If you're surrounded by enemies, you doubt anyone's apparently good intentions.

If  everyone's a crook, you have to get your own as fast as you can.

If most people are losers, you have to be better than anyone else you see.

If everyone lies, you must question what anyone tells you.

If everyone cheats, the rules don't matter.

If the powerful are out to put you under their control, you must stand up to them and fight for your freedom and dignity.

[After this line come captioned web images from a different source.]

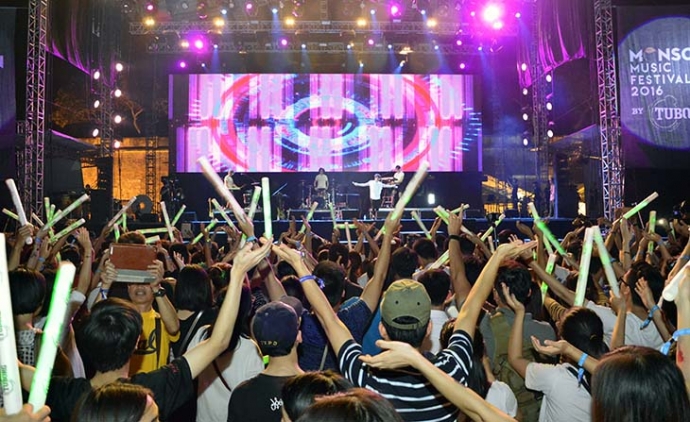 monsoon-baogiaothong (4)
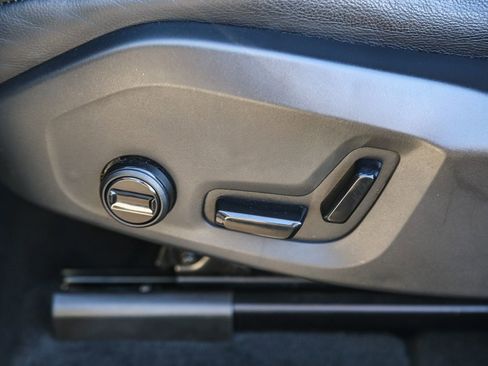 Used 2023 Volvo XC60 B5 Core w/ Protection Package image 23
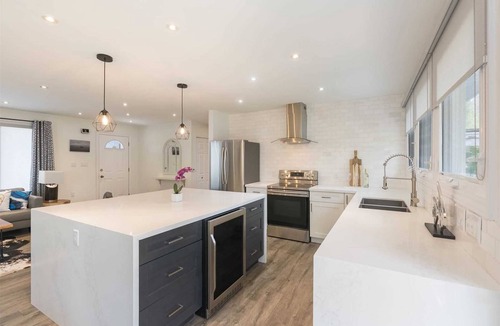Lafontaine Cottage | Cottage with Private Beach Access and Newly-Built Indoor Sauna #STRTT-2026-114
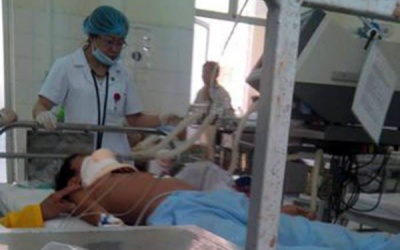 Phú Thọ: Xe biển xanh đâm trực diện 4 học sinh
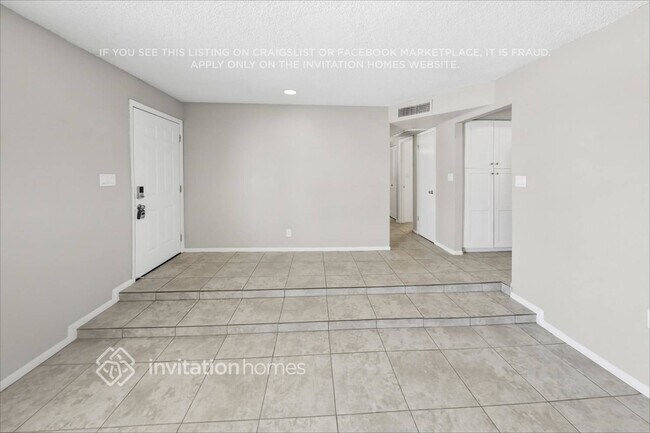 Foto del edificio - 3705 W Purdue Ave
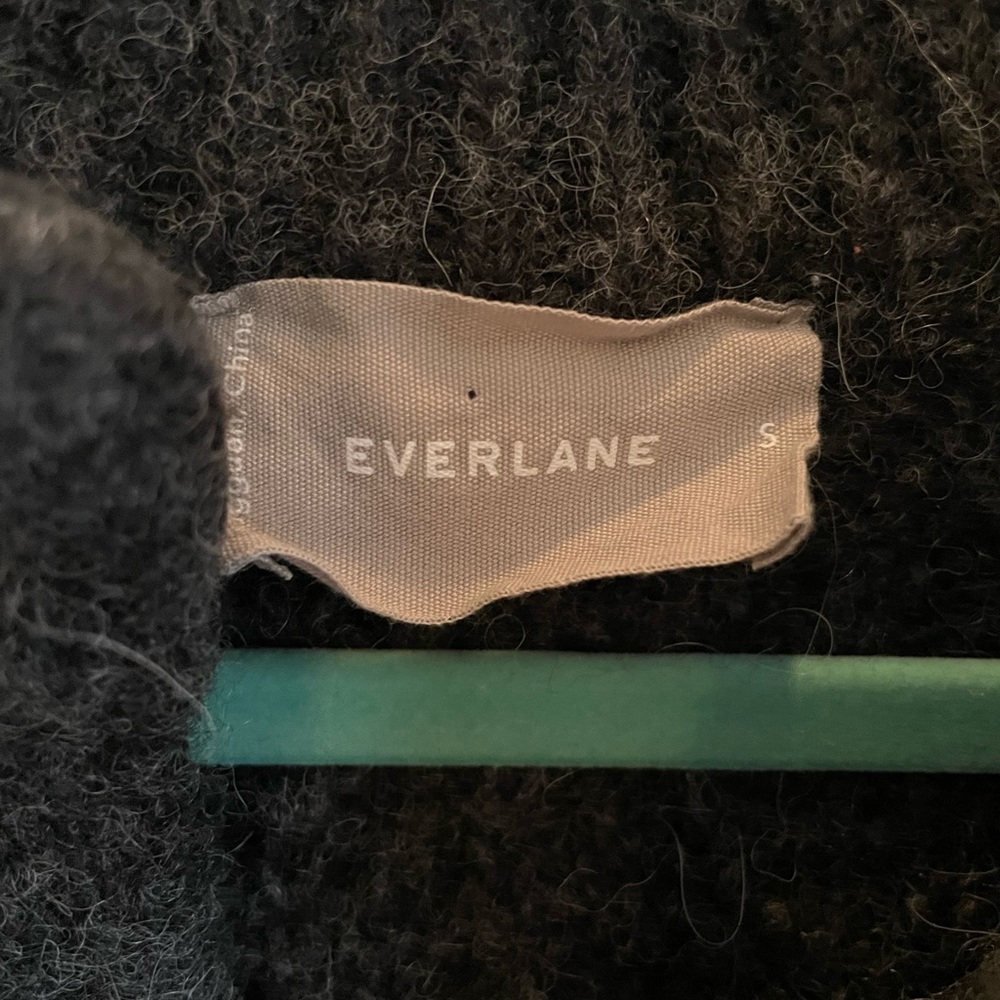 Everlane Cloud Cable Cardigan - Picture 6 of 9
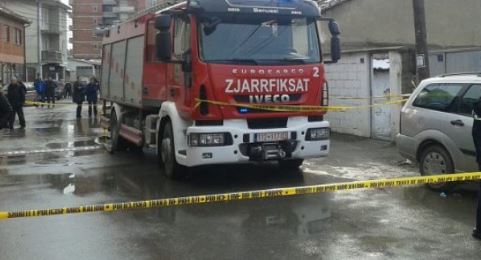 E FUNDIT/ Zjarr në një lokal në Tiranë. Dyshohet se ka qënë…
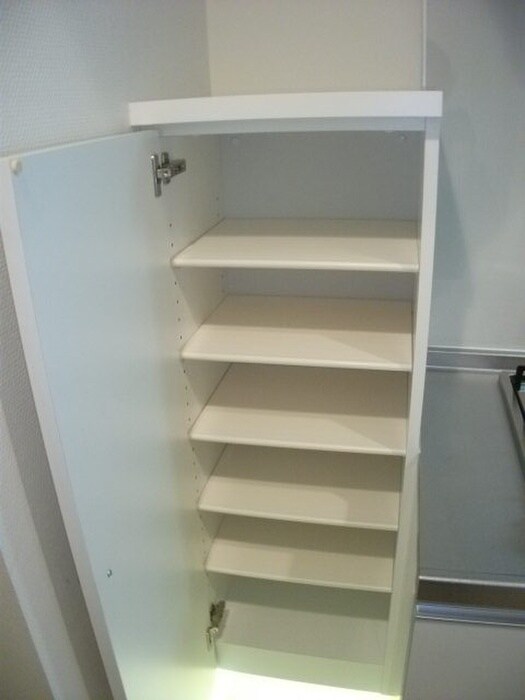 物件内観写真15　(靴箱)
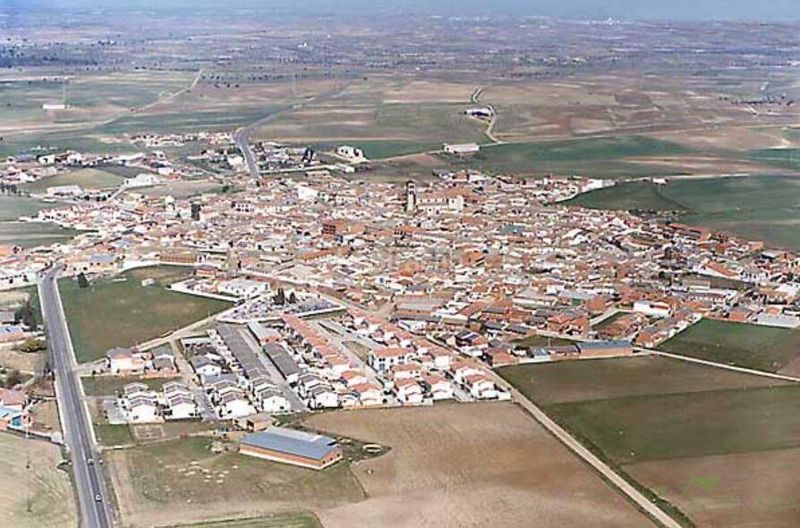 Foto f943d7f1-07f8-453c-81e5-5f70c5d2c451. Casa adossada amb aparcament a Novés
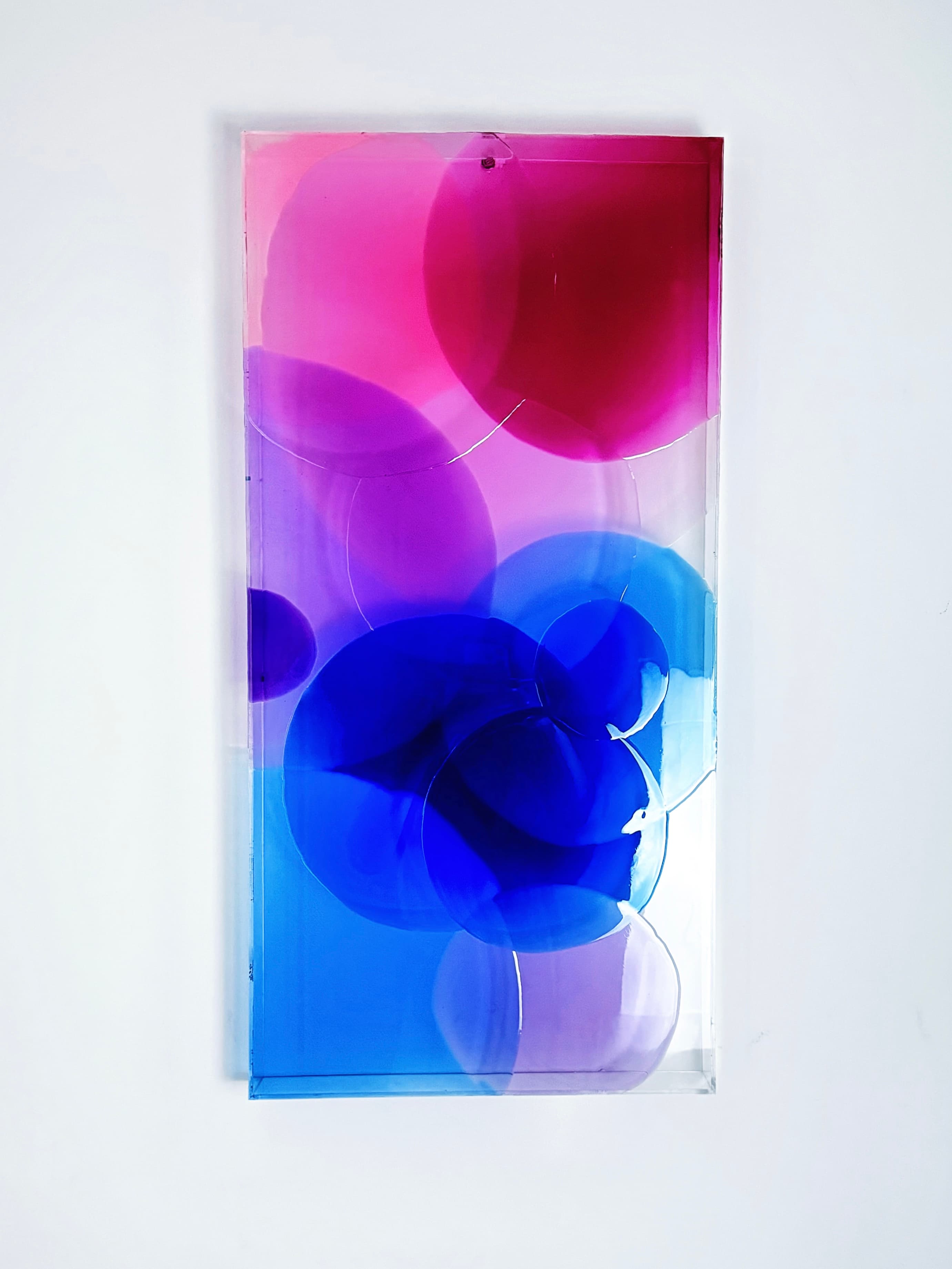 Despedida, 2024 · Resina epóxi sobre acrílico · 80 × 40 cm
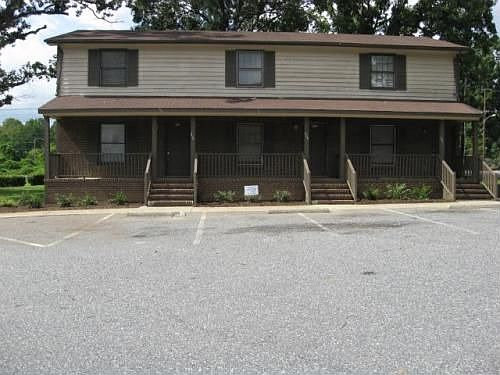 1st image of 985 Warren St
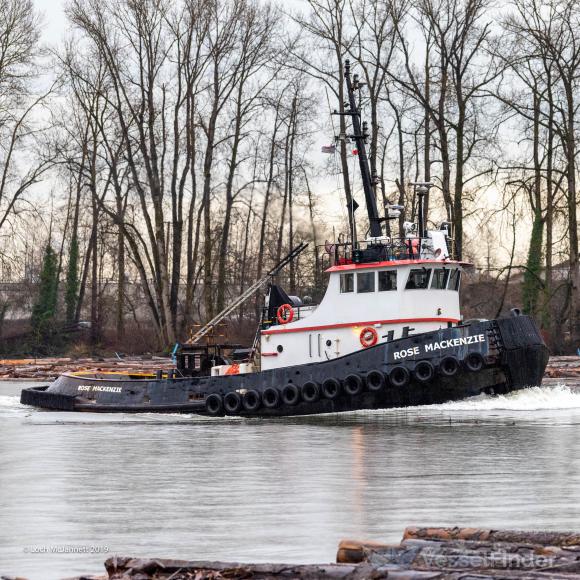 rose mackenzie (Towing vessel) - IMO , MMSI 316020878, Call Sign CFA2855 under the flag of Canada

If you can't depend on anyone or anything, you must vigorously protect yourself with an iron discipline.

5

As the result of perceiving the world this way, the either-or-way, these many people - rich and poor, southern and northern and western and eastern, educated and uneducated, urban and rural, sophosticated and rough-and-ready, upper class and working class - these dualistic thinkers throughout their whole lives are:

  • persistent and consistent,
  • independent,
  • impatient with complex questions or explanations,
  • unforgiving and uncompromising,
  • angry,
  • courageous,
  • defensive,
  • focused on the present, rather than on historical trends or future probabilities,
  • passionate,
  • suspicious,
  • combative or aggressive,
  • fierce,
  • proud,
  • intolerant of uncertainty and opposing opinions,
  • fearful,
  • prone to violence,
  • lonely or "loner-ly."

As they see it and live it, the world is hostile, undependable, immoral, and seductive. They may recognize that it shouldn't and probably needn't be that way, but they know it is.

So - as they see it, a person should consider himself or herself morally superior to the world around her or him, but powerless to fundamentally change things. Such a person can never be satisfied or relax and must be ever-vigilant against the immorality of other people and the uncertainties of an evil world.